Segment Open
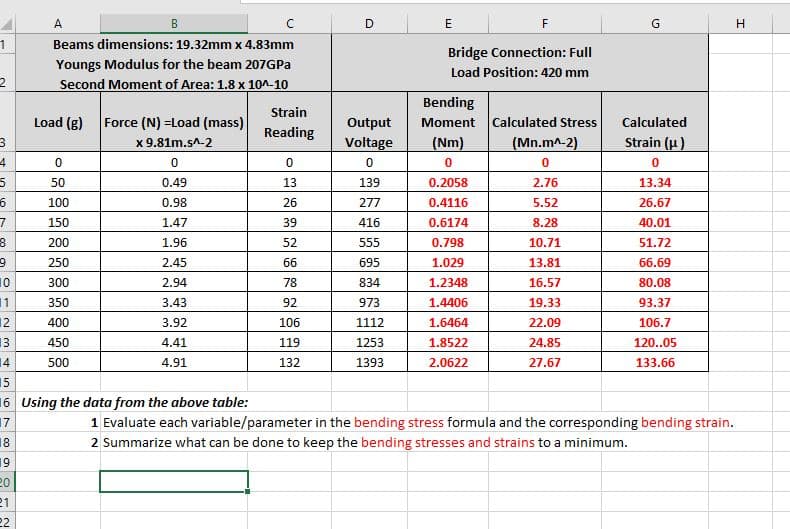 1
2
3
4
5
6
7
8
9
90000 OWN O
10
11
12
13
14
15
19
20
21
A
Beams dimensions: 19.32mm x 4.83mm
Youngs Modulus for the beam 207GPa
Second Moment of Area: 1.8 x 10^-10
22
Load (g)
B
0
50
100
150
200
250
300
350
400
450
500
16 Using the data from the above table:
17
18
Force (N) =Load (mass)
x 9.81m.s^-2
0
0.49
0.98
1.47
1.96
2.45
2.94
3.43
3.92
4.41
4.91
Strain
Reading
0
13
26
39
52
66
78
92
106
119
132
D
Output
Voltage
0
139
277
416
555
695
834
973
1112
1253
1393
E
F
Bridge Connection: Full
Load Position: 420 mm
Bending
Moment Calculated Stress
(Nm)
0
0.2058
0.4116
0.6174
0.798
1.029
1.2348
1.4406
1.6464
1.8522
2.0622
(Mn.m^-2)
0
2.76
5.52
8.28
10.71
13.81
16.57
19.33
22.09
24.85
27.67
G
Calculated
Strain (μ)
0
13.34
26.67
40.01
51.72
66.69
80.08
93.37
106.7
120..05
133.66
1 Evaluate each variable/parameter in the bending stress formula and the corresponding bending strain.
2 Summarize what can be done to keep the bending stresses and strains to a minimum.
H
Segment Closed
Segment Open
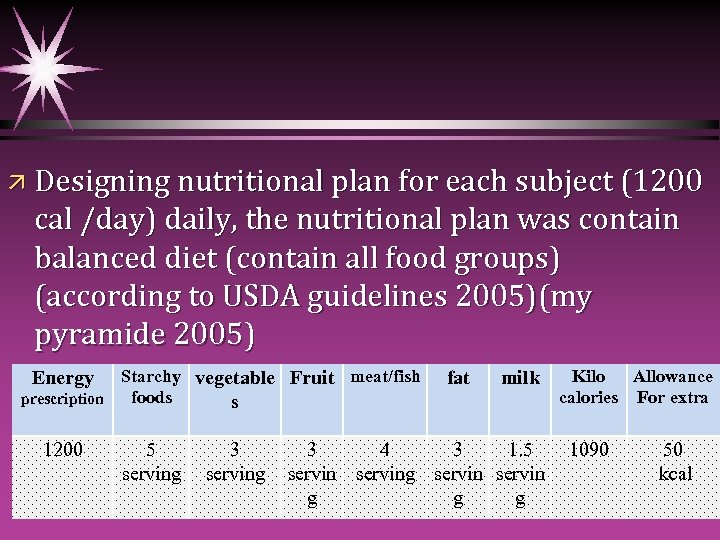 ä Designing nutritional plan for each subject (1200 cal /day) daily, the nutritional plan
Segment Closed
Segment Open
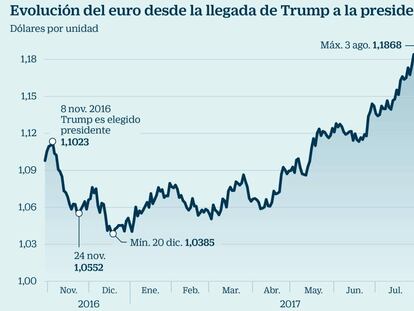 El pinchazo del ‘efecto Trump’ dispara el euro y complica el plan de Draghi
Segment Closed
◆ **Work to be completed**
Check each line of the material for "Moment". Copy the ones that have it.

◆ **Output**
Second Moment of Area: 1.8 x 10^-10
Moment Calculated Stress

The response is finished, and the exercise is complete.